O "Fora Temer" e os limites do engajamento alegórico
A hora é de mobilização, não de resistir com atos que têm pouca ou nenhuma capacidade de reverter o quadro ilegítimo
por Rosana Pinheiro-Machado — publicado 12/08/2016 13h10
Fernando Frazão / Agência Brasil
Protesto contra Temer em 10 de junho: a subversão acaba por afirmar o poder do interino
Tomou conta do Brasil uma forma de engajamento lúdico e artístico-criativo para engrossar o coro do "Fora Temer". Performances corporais, cartazes nos Jogos Olímpicos e até copo do Starbucks.
Reconheço o valor destes atos e admiro-os na mesma proporção. Todavia, estrategicamente, não é hora de engajamento de subversão.
Sociologicamente, essa forma de protesto é definida como “resistência”: o ato microscópico, “o poder dos fracos” que se manifesta por meio de pequenos gestos pulverizados e individualizados ante a um poder hegemônico. Mas já estamos reconhecendo a hegemonia e o poder inabalável do governo Temer?
Atuar por meio do poder dos fracos ou de forma feliz nas redes sociais é altamente desmobilizador neste momento. Primeiro porque sua simbologia reconhece certa inevitabilidade do poder. Portanto, reforça a própria estrutura que está aí.
Segundo, porque não estamos sob um regime ditatorial, apesar do golpe. Logo, a resistência estética e individual, tão bela e necessária, corre o risco de esvaziar-se de sentido, de tornar-se o engajamento festivo individual, que ameniza a culpa da classe média, que, a esta altura, quer mais é curtir os Jogos.
Não há problema nenhum em se divertir e protestar. O problema é quando isso se torna a única forma de resistência ante a uma votação que vai acontecer e que só será revertida se o mundo vier abaixo.
Não é hora de entregar o jogo. Não é hora dar pausa para os Jogos. A votação se aproxima e, ao que tudo indica, os cartazes felizes não estão funcionando e a presidenta será afastada definitivamente.

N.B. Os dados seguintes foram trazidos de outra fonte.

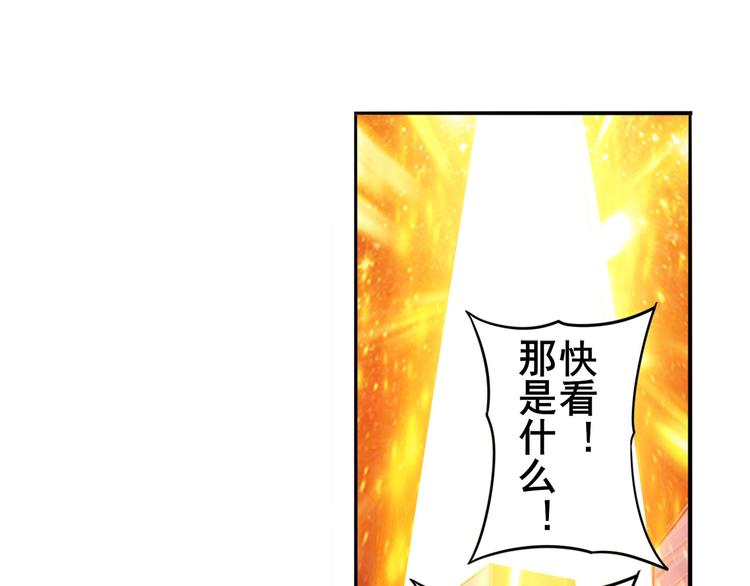 第291话 只出一招82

Seria a hora de aproveitar que a imprensa internacional está no Brasil. Se este governo é ilegítimo, a hora é de afronta, protestos em massa e greves. O poder das ruas neste momento é insubstituível.

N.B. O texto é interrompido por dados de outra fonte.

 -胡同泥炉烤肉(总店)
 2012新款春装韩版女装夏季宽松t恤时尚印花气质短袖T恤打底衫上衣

Não é meu objetivo responsabilizar as pessoas que estão protestando da maneira que podem. Muito pelo contrário, trata-se de uma ressonância pulverizada ante a frustrante incapacidade de mobilização de massas que estamos atravessando neste momento.
Existe aí um paradoxo imenso que precisa ser conciliado: de um lado, uma grande parte da população que não engole o presidente interino e que se manifesta como pode. De outro, a falência da capacidade mobilizadora de massa dos líderes do Partido dos Trabalhadores.
Poucos engolem Michel Temer, mas nem todos se identificam a sair às ruas para defender a bandeira do PT – pois é assim que são lidas as manifestações anti-impeachment. Parece-me que o próprio PT desistiu de puxar o barco e focar-se nas eleições municipais.
Eu havia entendido que a luta não era por Dilma ou pelo PT, mas pelos direitos constitucionais.
O que resta é a mobilização desmobilizada, individualizada e profundamente solitária daqueles que ainda acreditam que essa farsa toda é uma afronta à democracia.
Os votos já estão definidos e já se fala em crescimento econômico novamente. A população está calma e distraída com os Jogos Olímpicos. Não há a mínima chance de reverter essa votação sem reação avassaladora em massa. Há mobilização e motivação para isso? Ou teremos que passar os próximos dois anos escrevendo Fora Temer no copo de nossos cafés?